Reality show characters reflect a lifestyle that we want yet don't want, the drama that we hate to encounter in our own lives yet can't wait to witness in the lives of others, and the opportunity to voice our opinions. Have you noticed that social networks and reality TV have risen hand-in-hand? Many reality TV shows have become quite interactive through social media, forums, and, of course, viewer voting.
You identify yourself with the characters in these shows. You see yourself in the character and even see the possibility of becoming well known, just like them. It opens a door in your mind and makes you think: "hey, if she can become famous, so can I!" This is a status which, in the past, we used to think was impossible to reach. Reality TV makes fame and the wealth that come with it accessible to the minds of millions.
On another token, reality TV takes the focus off of your own reality. It makes you dream and forget your own problems for the time being.
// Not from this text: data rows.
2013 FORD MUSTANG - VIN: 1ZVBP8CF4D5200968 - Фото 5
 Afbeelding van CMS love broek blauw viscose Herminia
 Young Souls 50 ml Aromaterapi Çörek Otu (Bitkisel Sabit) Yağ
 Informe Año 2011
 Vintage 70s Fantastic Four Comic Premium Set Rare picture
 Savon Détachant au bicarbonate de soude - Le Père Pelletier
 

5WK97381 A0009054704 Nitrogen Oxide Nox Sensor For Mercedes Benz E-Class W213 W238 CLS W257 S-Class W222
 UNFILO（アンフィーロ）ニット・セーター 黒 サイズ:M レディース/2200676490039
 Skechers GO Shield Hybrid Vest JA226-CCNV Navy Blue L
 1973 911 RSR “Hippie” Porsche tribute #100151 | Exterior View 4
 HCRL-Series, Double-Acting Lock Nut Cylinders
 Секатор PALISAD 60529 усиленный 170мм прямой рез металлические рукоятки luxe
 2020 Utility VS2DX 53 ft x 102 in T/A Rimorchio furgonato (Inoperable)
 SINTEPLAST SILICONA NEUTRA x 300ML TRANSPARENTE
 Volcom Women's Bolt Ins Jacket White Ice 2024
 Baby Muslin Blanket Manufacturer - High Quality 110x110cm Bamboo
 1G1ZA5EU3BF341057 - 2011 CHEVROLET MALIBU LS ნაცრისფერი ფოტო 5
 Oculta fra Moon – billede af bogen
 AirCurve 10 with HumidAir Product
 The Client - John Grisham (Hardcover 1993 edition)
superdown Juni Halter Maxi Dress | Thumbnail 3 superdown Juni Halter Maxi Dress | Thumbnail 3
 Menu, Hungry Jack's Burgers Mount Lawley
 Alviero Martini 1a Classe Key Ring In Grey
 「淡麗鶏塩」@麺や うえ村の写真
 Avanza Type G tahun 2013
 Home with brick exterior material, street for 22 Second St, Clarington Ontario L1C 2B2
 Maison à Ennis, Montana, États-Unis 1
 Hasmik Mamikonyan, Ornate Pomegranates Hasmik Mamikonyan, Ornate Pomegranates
It allows you to become involved in that drama and as you watch it unfold in front of you, you are captivated by it and disconnect from the drama in your own life. You can literally plug into another source of drama. This is why gossip and tabloids have forever lived with fervent popularity in the American culture. We temporarily embed ourselves in the story of another.
As for the future of television, there is no saying whether reality TV will stick around for the years to come or if it will be replaced by a different genre that will become the new American favorite. What is safe to say, however, is that reality TV has left quite the mark on the history of American television, and I, for one, will be tuning in to watch what comes next.